Generell sei es ruhiger verlaufen "als vor der Corona-Pandemie. Es ist deutlich zu erkennen, dass viele Vereine zur Vorsicht gezwungen sind, weil sie mit den Einnahmen nicht so planen können, wie es vor der Pandemie der Fall war", erklärt Lennart Gens vom Fachportal transfermarkt.de im Gespräch mit unserer Redaktion. Der Redakteur und Transfer-Experte relativiert jedoch: "Im Vergleich zur Winter-Transferperiode 2021 wurde wieder mehr Geld in die Hand genommen. Es war ein Anstieg zu erkennen, wahrscheinlich, weil die Vereine nach zwei Jahren Pandemie gelernt haben, wie sie mit der Situation besser umgehen können."

Erneut habe es viele Leihgeschäfte gegeben. Es ist ein Phänomen, das sich laut Gens durch Corona verstärkt. "Die Leihen haben ein geringeres Risiko, vielleicht baut man noch eine Kaufoption mit ein", so der 24-Jährige. Eines habe sich gezeigt: "Die Bundesliga ist eine Ausbildungsliga", sagt Gens: "Sie setzt viel auf Talente. Der Gesamtwert der Liga ist in den letzten Wochen zurückgegangen. Heißt: Es wurden Spieler mit höheren Marktwerten, die aber auf dem absteigenden Ast sind, verkauft. Dafür wurden junge, entwicklungsfähige Spieler mit eher geringen Marktwerten dazu geholt."

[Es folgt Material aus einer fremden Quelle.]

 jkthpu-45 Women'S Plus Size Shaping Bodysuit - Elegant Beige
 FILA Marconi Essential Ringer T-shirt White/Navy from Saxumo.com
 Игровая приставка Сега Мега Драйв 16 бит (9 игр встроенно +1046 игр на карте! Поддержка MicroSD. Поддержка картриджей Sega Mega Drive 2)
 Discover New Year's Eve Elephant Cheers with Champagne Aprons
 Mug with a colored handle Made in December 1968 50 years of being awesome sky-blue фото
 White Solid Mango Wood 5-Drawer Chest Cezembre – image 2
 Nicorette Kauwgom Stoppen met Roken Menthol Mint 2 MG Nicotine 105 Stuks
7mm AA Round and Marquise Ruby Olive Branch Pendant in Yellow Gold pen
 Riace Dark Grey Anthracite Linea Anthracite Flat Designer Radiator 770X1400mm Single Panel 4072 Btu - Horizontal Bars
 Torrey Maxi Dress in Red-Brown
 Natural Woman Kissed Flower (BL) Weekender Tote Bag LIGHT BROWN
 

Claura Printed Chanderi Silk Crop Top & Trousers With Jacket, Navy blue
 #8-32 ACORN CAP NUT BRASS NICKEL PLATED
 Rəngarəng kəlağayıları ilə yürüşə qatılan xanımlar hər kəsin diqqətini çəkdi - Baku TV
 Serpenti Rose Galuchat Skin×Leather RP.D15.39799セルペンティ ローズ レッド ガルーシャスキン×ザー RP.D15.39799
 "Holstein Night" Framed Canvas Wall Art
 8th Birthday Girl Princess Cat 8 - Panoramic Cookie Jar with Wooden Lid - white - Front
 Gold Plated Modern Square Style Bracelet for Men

Bundesliga: VfB Stuttgart und Hertha BSC investierten zögerlich

Selbst Klubs, denen der Abstieg droht, hätten nur zögerlich investiert. "Das liegt daran, dass die Bundesliga-Vereine oft langfristiger und seriöser wirtschaften", erklärt Gens und meint dennoch: "Bei Wolfsburg und Hertha hätte man mehr erwarten können, weil sie mehr Geld zur Verfügung haben als beispielsweise Gladbach oder Stuttgart. Auch vor diesen Klubs macht die Corona-Pandemie aber nicht halt."

Zum Vergleich: Der VfL Wolfsburg gab, protegiert durch den Automobilkonzern Volkswagen, 23,68 Millionen Euro für die Neuzugänge Jonas Wind (FC Kopenhagen), Kevin Paredes (D.C. United) und Max Kruse (Union Berlin) aus. Die Niedersachsen waren damit der Transfer-Krösus aus Deutschland. Hertha BSC, gesponsert durch Investor Lars Windhorst, überwies dagegen nur 1,8 Millionen Euro für vier neue Spieler. Kolportiert eine halbe Million davon ging an den ebenfalls vom Abstieg bedrohten VfB Stuttgart - für Abwehrspieler Marc Oliver Kempf. Die Schwaben entschieden sich umgekehrt nur für die Leihe des Portugiesen Tiago Tomas (19) von Sporting Lissabon. "Wir verzeichnen seit Beginn der Pandemie 80 Millionen Euro an Umsatzverlust", hatte Stuttgarts Finanzvorstand Thomas Ignatzi bereits Ende November der "Stuttgarter Zeitung" und den "Stuttgarter Nachrichten" erzählt.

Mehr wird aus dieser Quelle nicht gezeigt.